What you have to do =
Once the pictures are set aside, copy the data below exactly as it stands.

Data records =
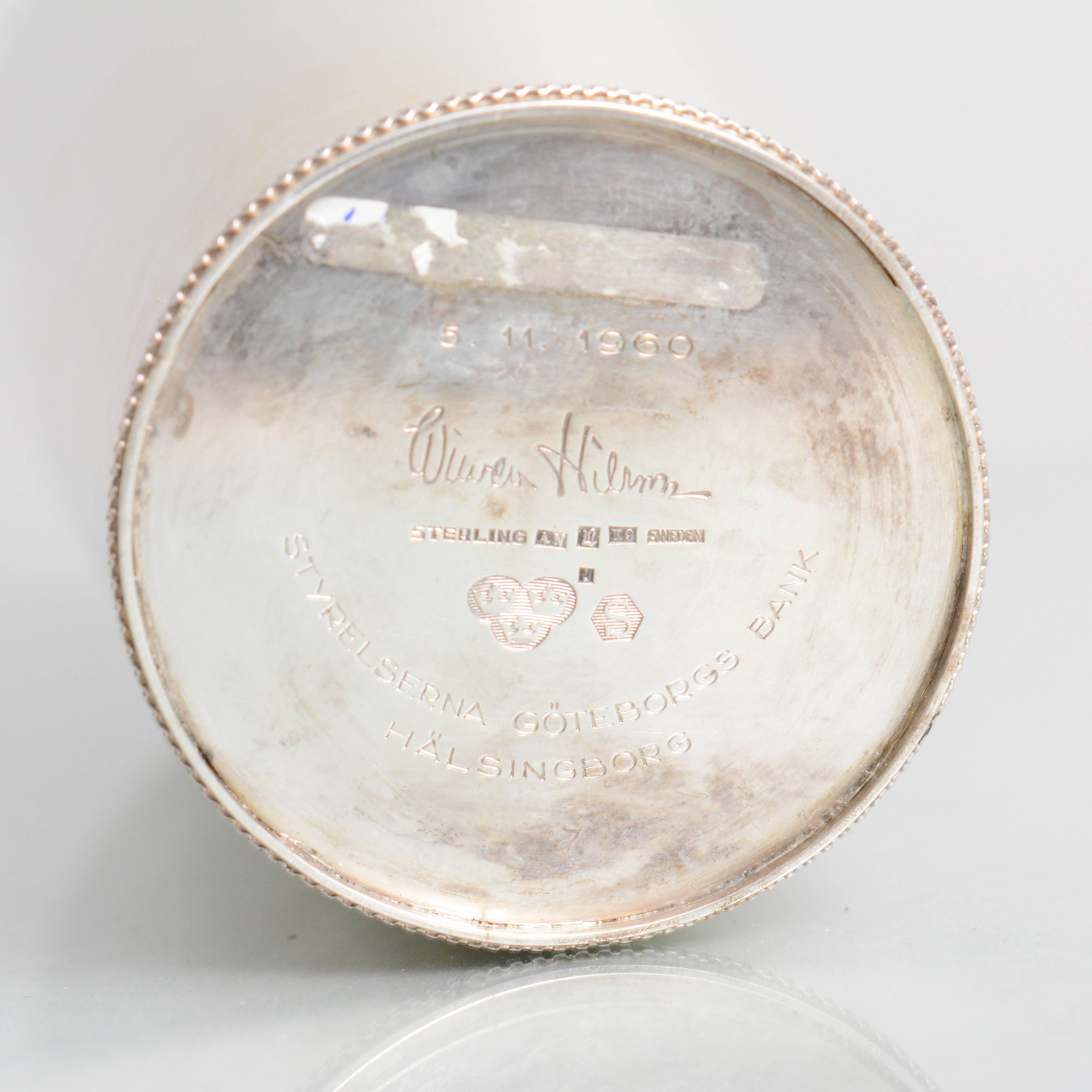 Mid-20th Century Silver Vase by Wiwen Nilsson Lund, Sweden, 1960 For Sale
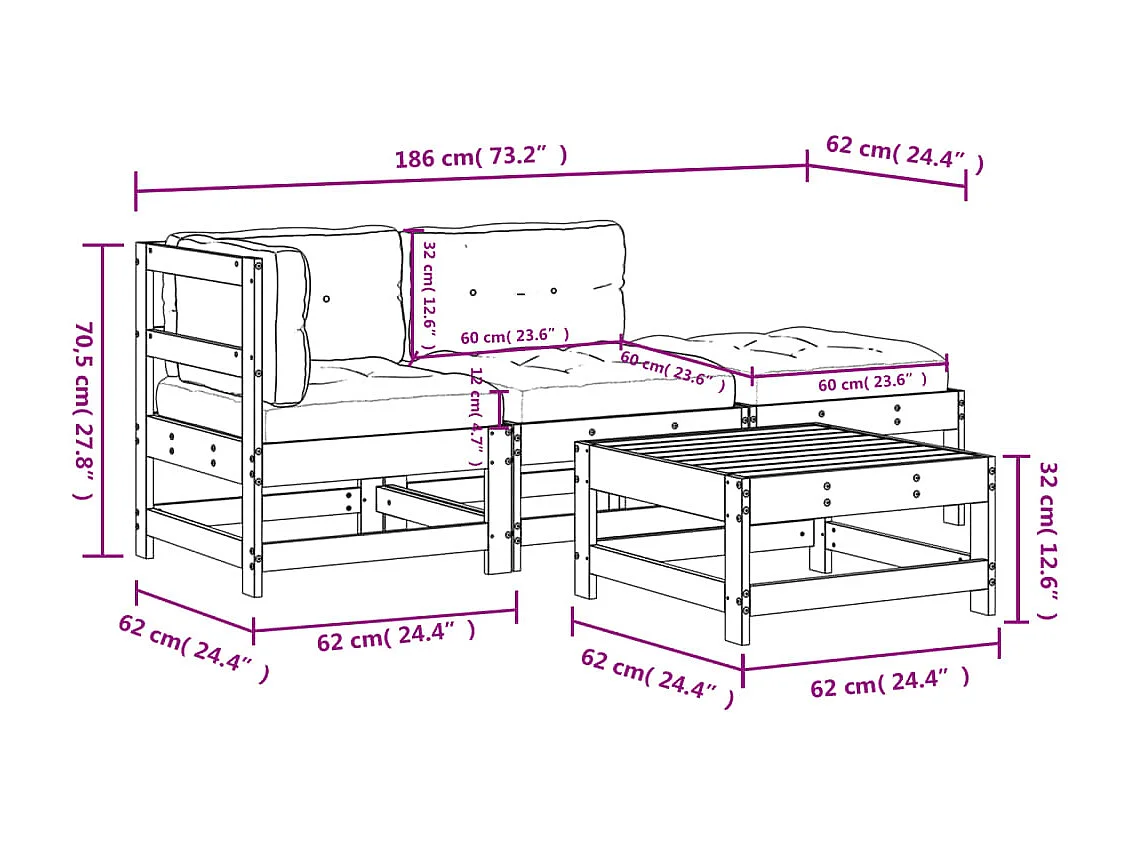 Set Divani da Giardino 4pz con Cuscini in Legno Massello Bianco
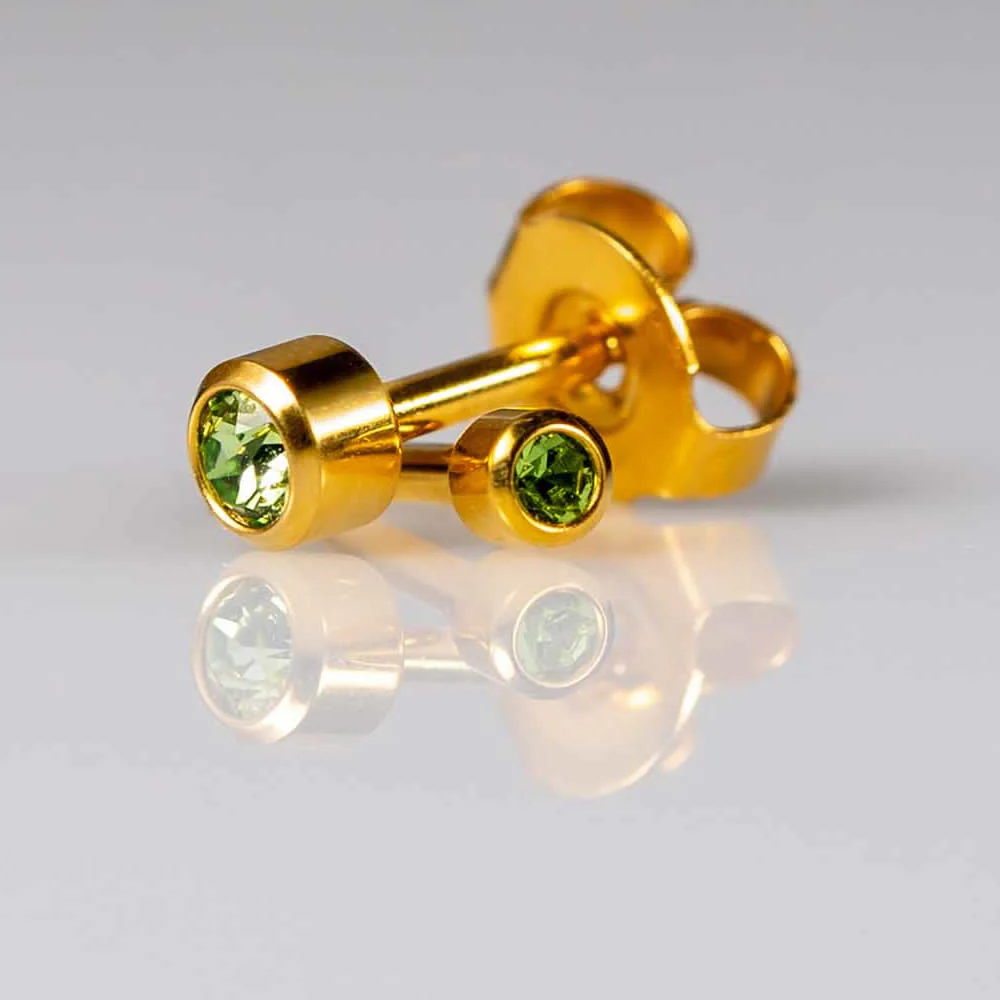 Birthstones August Mini Gold PAIR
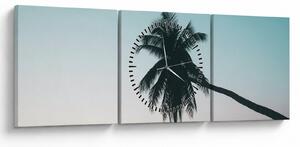 Obraz - Palma na Bali (s hodinami) (90x30 cm)
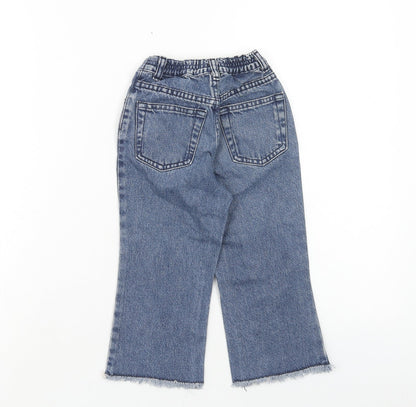 Preworn Girls Black Cotton Straight Jeans Size 2 Years Regular Zip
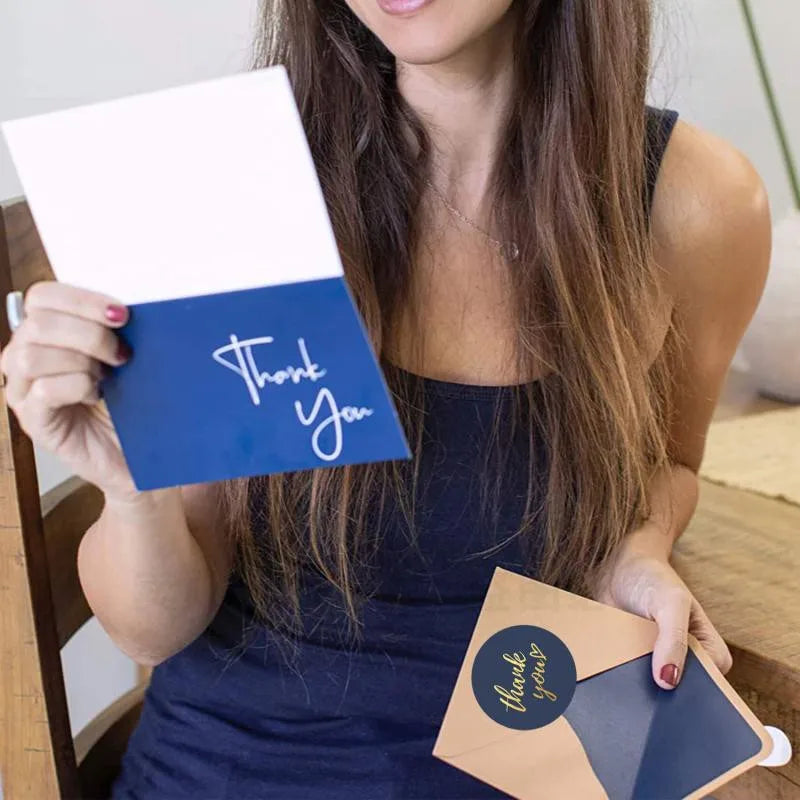 50-500pcs 1inch Blue Thank You Stickers for Envelope Sealing, Handmade Wedding Gift Decoration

Expected answer =
 Mid-20th Century Silver Vase by Wiwen Nilsson Lund, Sweden, 1960 For Sale
 Set Divani da Giardino 4pz con Cuscini in Legno Massello Bianco
 Birthstones August Mini Gold PAIR
 Obraz - Palma na Bali (s hodinami) (90x30 cm)
 Preworn Girls Black Cotton Straight Jeans Size 2 Years Regular Zip
 50-500pcs 1inch Blue Thank You Stickers for Envelope Sealing, Handmade Wedding Gift Decoration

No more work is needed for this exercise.